I read about a woman who had a planted tank with an HOB she used plastic sheeting to reduce the surface aggitation.

she described it as laying on the surface. . .i can't visualize it but i'd like to do a similar thing b/c i have an HOB too

do any of you have any expirience with this or designs you could share with me?

thanks in advance!


----------



## Blazerfrs (Feb 3, 2006)

Can you link to where you read this? I would think coering the surface of the water with plastic would very effectively reduce CO2 outgassing, but I am equally sure it would be detrimental to your fish, as O2 would have a tough time diffusing into the water.

I wouldn't do it. What size tank is this for? DIY CO2 i'm guessing? How are you diffusing it?


----------



## BillD (Jun 10, 2005)

What we are talking about here is a piece of plastic added to the mouth of the HOB that acts as a deflector, and spreads the flow out. I rember seeing a description, but don't recall the details.


----------



## AaronT (Apr 26, 2004)

The easiest way I know of is simply to keep the water level as high as you possibly can at all times. If you add the deflector it still will splash if the water level gets low.

If you are using one of the bubble type CO2 diffusers try putting it directly under the return so the CO2 is churning in the flow and diffusing more efficiently. I got this idea from a fellow GWAPA member.


----------



## kyle3 (Mar 22, 2006)

i already do keep the tank topped off. check everyday add a little water usually every other day - i was looking for techniques that would help in addition to that- 

i'm sorry i don't have a link - can't find where i read it

the wording was confusing in the description that's why i was looking for clarification on it.

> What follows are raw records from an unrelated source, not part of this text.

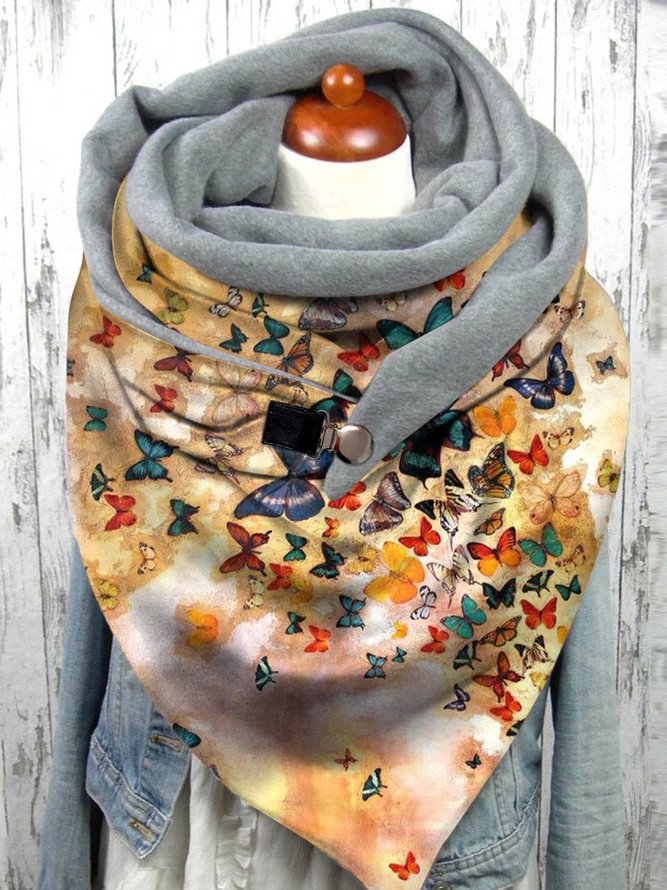 Casual Colorful Heart Pattern Triangle Scarf Windproof/Warm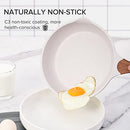 JEETEE Pots and Pans Set Nonstick White Granite Kitchen Cookware Set - White - Like New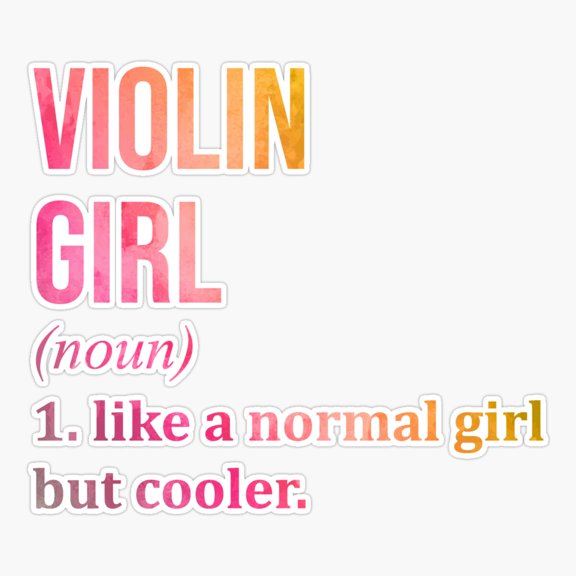 Violin Girl Definition In Watercolor Er, Phone Decal Water Bottle Stickers Car Decals, Funny Birthday Gift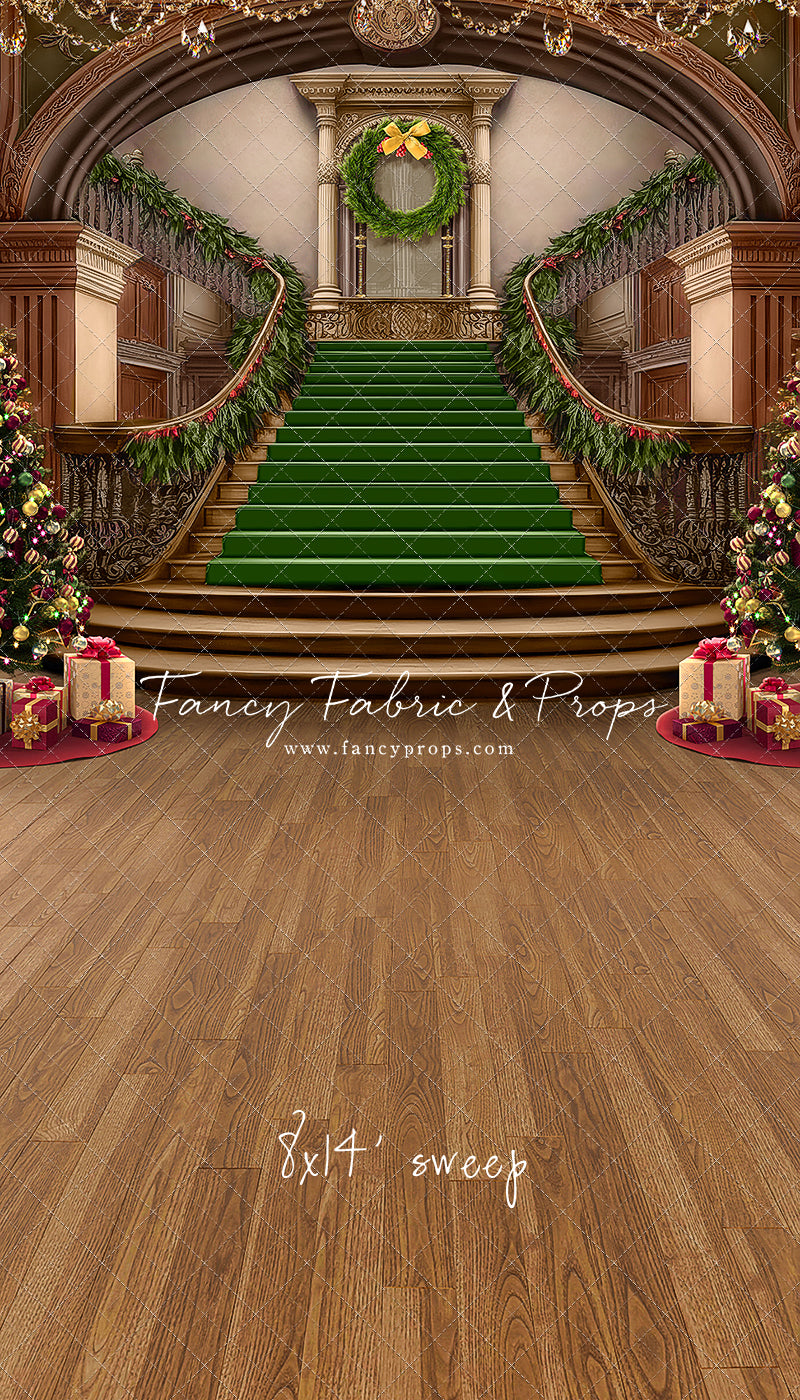 Grand Holiday Staircase - Green Stairs & Wood Floor - with Sweep Option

the tank is a 20 long (lots of gas exchange anyway simply b/c of the shape) and the CO2 is a hagen canister (so yeah DIY) with the hagen ladder

thanks for your input everyone!


----------



## aquaboy (May 26, 2005)

What I did in my 20g tank is I drill 2 small hole on each end in the lip the HOB so I can tie a sponge (round & cut in the middle) using a fishing line on it. I have used a black sponge so that it looks like part of my filter. It works like a charm.

-Brian


----------



## gonzo777 (Jan 30, 2006)

I've been thinking about what I might do to my HOB (Aquaclear).

I have a tough time heeping tall plants in the rear because the flow pushes them over.

Hmmm.... I do have some extra acrylic sitting about...


----------



## gonzo777 (Jan 30, 2006)

This has been working well for me. I can keep taller plants in the rear now, and the water surface appears to not get as agitated.

It's a 1" piece of acrylic that I attached with aquarium silicone.


----------